* _The data_

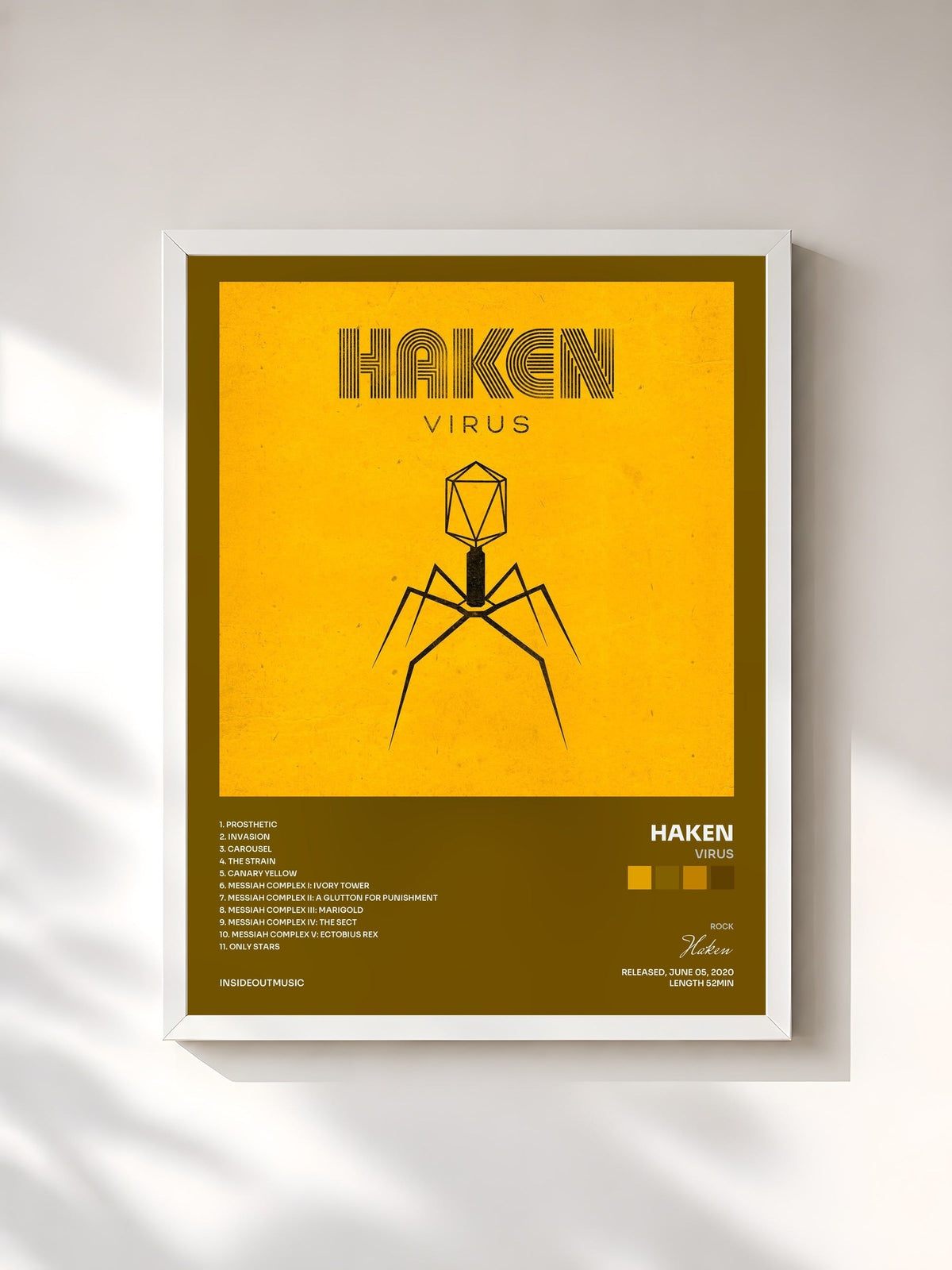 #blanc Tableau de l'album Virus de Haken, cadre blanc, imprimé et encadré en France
==
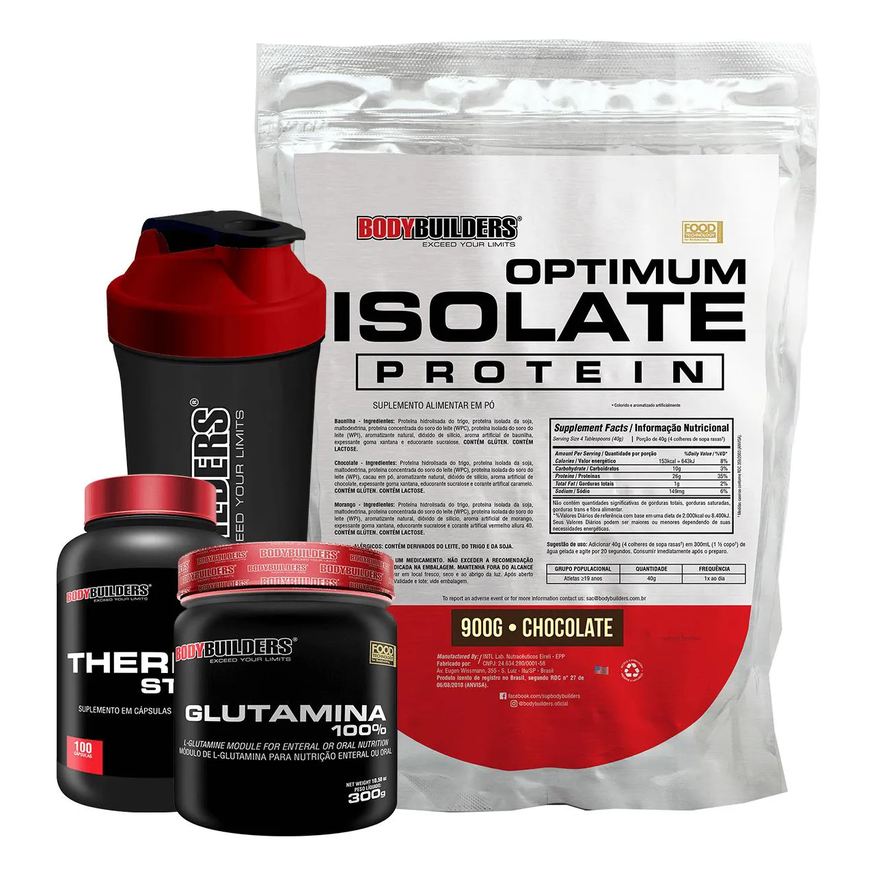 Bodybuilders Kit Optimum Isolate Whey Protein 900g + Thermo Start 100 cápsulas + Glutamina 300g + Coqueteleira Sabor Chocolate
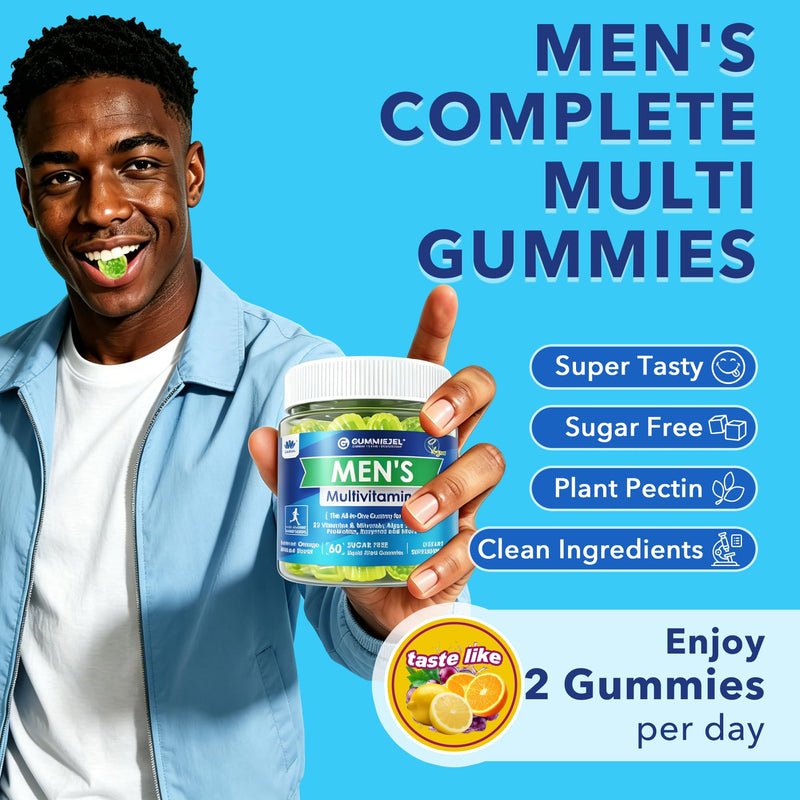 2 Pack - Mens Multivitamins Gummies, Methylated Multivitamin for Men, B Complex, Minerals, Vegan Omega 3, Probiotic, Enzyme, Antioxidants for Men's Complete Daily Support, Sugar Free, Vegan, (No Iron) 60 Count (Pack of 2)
==
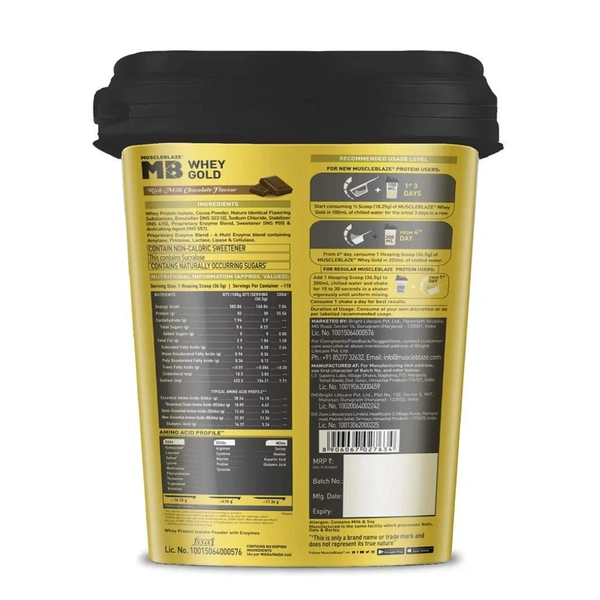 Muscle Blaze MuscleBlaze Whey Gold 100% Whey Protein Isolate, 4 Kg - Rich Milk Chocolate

* _Description of the task_
Leave out the images and write out the lines above exactly, from the one with "Bodybuilders Kit Optimum" up to and including the one with "2 Pack - Mens".

* _Result for this exercise_
 Bodybuilders Kit Optimum Isolate Whey Protein 900g + Thermo Start 100 cápsulas + Glutamina 300g + Coqueteleira Sabor Chocolate
 2 Pack - Mens Multivitamins Gummies, Methylated Multivitamin for Men, B Complex, Minerals, Vegan Omega 3, Probiotic, Enzyme, Antioxidants for Men's Complete Daily Support, Sugar Free, Vegan, (No Iron) 60 Count (Pack of 2)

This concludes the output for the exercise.